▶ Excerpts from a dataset
[Start of Attachment]

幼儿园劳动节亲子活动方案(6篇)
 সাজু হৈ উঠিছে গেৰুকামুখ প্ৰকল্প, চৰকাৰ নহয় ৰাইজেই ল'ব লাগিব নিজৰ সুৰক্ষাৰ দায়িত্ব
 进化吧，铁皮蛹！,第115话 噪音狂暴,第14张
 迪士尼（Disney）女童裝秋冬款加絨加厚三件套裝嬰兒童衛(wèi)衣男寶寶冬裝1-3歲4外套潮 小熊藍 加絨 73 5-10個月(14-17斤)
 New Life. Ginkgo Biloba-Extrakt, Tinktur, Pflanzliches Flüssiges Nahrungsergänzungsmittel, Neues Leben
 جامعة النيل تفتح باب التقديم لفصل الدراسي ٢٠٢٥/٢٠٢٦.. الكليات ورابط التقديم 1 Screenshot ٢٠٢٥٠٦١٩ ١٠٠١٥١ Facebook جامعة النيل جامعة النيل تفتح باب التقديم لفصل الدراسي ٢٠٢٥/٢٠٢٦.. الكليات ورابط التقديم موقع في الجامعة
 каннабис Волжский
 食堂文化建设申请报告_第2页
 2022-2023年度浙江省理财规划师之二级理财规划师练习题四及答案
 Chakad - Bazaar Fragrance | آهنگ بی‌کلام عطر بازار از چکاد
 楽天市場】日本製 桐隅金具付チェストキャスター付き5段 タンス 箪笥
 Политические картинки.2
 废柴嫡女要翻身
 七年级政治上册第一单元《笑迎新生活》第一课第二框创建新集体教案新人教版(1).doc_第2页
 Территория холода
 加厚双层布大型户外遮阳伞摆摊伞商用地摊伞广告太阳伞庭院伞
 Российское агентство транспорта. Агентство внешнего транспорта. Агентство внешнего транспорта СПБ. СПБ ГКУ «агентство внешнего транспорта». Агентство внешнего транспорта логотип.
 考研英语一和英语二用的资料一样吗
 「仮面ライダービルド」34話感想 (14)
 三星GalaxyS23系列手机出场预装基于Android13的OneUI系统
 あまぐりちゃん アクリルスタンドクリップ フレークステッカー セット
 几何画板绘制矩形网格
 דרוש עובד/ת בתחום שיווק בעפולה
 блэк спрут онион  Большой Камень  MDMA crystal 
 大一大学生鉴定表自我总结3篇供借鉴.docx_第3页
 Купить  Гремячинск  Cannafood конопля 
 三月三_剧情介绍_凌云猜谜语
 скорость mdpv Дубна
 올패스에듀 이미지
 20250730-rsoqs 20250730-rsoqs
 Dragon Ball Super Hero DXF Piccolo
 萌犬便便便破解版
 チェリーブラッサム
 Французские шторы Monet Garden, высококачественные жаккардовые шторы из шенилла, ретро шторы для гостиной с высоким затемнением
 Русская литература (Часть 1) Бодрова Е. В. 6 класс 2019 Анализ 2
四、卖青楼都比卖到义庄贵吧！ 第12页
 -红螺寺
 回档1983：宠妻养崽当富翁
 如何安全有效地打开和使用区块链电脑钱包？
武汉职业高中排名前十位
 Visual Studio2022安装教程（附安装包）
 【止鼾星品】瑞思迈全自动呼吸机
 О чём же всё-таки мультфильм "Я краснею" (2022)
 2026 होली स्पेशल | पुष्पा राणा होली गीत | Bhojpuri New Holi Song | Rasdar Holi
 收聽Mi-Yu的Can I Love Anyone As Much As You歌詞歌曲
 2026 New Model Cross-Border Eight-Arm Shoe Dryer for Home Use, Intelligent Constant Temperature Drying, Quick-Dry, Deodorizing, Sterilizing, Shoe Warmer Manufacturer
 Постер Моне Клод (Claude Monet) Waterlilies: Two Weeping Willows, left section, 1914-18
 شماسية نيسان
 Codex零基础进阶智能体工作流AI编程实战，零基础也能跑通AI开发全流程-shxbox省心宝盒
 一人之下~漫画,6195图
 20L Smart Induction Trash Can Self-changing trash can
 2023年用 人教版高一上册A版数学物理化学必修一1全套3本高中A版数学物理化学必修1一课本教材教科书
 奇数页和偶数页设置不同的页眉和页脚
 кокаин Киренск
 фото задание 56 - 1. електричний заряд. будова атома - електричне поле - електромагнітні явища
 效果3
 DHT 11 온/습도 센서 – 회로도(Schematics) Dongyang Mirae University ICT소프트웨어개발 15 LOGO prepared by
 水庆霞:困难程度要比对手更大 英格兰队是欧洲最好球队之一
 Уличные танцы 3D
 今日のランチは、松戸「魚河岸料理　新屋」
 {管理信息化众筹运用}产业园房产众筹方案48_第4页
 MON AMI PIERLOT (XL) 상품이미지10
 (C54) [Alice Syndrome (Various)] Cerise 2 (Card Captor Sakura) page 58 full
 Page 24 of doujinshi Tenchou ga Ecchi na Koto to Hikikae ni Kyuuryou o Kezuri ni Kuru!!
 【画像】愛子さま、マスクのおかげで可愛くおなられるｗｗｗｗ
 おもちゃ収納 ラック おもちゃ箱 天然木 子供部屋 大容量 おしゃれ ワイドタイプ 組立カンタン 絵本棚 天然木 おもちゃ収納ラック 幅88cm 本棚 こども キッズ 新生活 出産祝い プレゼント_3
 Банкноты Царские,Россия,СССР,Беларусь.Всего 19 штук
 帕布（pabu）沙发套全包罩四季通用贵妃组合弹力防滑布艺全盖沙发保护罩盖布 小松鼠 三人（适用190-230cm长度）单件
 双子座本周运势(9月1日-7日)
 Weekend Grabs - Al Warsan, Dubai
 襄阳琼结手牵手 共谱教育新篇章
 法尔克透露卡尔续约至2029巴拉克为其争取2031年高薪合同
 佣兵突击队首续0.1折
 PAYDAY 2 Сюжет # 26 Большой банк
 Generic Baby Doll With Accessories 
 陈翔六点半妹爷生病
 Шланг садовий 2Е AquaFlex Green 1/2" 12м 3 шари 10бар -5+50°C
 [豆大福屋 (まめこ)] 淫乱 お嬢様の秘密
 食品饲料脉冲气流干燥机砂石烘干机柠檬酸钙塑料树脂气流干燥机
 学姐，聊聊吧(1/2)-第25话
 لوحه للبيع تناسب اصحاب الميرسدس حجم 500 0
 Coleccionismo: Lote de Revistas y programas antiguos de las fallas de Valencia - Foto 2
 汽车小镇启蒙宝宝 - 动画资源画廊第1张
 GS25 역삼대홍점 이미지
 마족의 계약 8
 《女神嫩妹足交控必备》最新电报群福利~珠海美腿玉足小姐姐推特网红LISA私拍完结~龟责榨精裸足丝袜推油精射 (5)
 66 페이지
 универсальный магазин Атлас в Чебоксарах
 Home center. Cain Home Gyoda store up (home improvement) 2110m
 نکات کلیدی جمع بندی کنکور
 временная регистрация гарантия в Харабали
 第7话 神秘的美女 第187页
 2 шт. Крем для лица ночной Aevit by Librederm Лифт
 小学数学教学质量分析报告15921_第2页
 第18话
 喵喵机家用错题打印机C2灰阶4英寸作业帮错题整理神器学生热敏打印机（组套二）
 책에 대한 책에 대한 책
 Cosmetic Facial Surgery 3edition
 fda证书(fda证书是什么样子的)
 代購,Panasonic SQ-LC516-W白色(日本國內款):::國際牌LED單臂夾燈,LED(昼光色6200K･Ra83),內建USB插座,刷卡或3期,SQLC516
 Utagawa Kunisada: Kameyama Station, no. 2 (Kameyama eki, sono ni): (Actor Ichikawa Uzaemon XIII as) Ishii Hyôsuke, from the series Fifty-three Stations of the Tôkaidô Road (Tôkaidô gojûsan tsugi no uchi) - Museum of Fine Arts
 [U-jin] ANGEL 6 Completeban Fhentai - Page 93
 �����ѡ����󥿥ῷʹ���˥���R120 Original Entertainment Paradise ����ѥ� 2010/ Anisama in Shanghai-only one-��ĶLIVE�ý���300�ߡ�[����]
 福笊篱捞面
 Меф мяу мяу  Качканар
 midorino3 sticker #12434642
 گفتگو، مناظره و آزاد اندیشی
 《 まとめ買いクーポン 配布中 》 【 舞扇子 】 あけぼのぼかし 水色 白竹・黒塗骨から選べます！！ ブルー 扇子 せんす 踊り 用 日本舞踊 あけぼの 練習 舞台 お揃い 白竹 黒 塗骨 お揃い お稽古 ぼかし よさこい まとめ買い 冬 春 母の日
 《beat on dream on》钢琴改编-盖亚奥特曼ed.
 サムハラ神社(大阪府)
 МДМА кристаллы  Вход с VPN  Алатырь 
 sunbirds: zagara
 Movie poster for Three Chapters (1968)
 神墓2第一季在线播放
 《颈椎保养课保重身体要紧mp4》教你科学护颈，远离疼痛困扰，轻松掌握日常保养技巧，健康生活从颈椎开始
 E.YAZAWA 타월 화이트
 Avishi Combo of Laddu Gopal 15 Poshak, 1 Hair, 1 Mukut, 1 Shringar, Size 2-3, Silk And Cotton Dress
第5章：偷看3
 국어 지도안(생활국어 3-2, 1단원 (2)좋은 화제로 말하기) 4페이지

[End of Attachment]

▶ TASK REQUIREMENTS
The range begins at the line containing "まとめ買い 冬 春 母の日" and ends at the last line of the entries; reproduce it exactly.

▶ COMPLETED TASK
 《 まとめ買いクーポン 配布中 》 【 舞扇子 】 あけぼのぼかし 水色 白竹・黒塗骨から選べます！！ ブルー 扇子 せんす 踊り 用 日本舞踊 あけぼの 練習 舞台 お揃い 白竹 黒 塗骨 お揃い お稽古 ぼかし よさこい まとめ買い 冬 春 母の日
 《beat on dream on》钢琴改编-盖亚奥特曼ed.
 サムハラ神社(大阪府)
 МДМА кристаллы  Вход с VPN  Алатырь 
 sunbirds: zagara
 Movie poster for Three Chapters (1968)
 神墓2第一季在线播放
 《颈椎保养课保重身体要紧mp4》教你科学护颈，远离疼痛困扰，轻松掌握日常保养技巧，健康生活从颈椎开始
 E.YAZAWA 타월 화이트
 Avishi Combo of Laddu Gopal 15 Poshak, 1 Hair, 1 Mukut, 1 Shringar, Size 2-3, Silk And Cotton Dress
第5章：偷看3
 국어 지도안(생활국어 3-2, 1단원 (2)좋은 화제로 말하기) 4페이지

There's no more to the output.